The pancake of many names.
This pancake’s a traditional snack in Singapore. It’s called 面煎粿, which if you pronounce it in Mandarin is “mian jian guo”. But no one calls it that, it’s usually called “mee chiang kueh”, “bee chiang kueh”, “min chiang kueh”, or as how my family pronounces it, “min jiang kueh”. I think the pronunciation depends on which dialect group your family belongs to.
This pancake can either be the moist and fluffy variety, as shown here, or the ultra crispy variety which I actually prefer. Usually it’s filled with a sweet and crunchy peanut filling, but I decided to go savoury here with a cheese and pork floss filling.
If you don’t know what pork floss is, it’s like a dried meat product that’s both sweet and savoury at the same time. Kind of like meaty candy floss? Sounds weird, but everyone I’ve given some to has loved it. It has a Wikipedia page, check it out.
I also tried putting some smooth peanut butter in (probably overfilled it there), which was good, but the traditional crushed peanuts filling was definitely better.
- 130g plain flour
- ½ tsp baking soda
- ½ tsp instant yeast
- 2 tbsp sugar
- 1 egg
- 160ml water (lukewarm)
- Mix all the ingredients in a bowl until smooth.
- Cover and let sit for 30 mins.
- Oil a pan and use a paper towel to soak up excess oil and make sure the surface is evenly oiled.

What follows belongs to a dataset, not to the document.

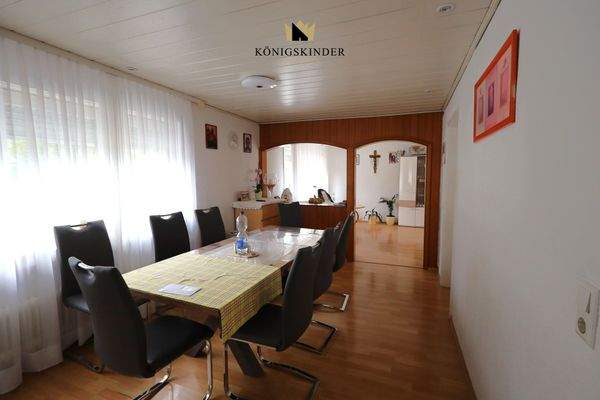 das Esszimmer über dem Gewerbeteil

- Heat the pan over low-medium heat. When the pan is hot, add a ladle of batter to the pan. Cover and cook for 4 mins.
- When the surface is bubbly and the sides are dry (just like a normal pancake), add your filling of choice on top of the pancake. Cover and cook for 2-3 more mins.
- Fold the pancake into half and serve.
- The water has to be lukewarm. I completely missed this note and I think that’s why my pancake wasn’t as fluffy as it’s supposed to be. Still pretty fluffy though.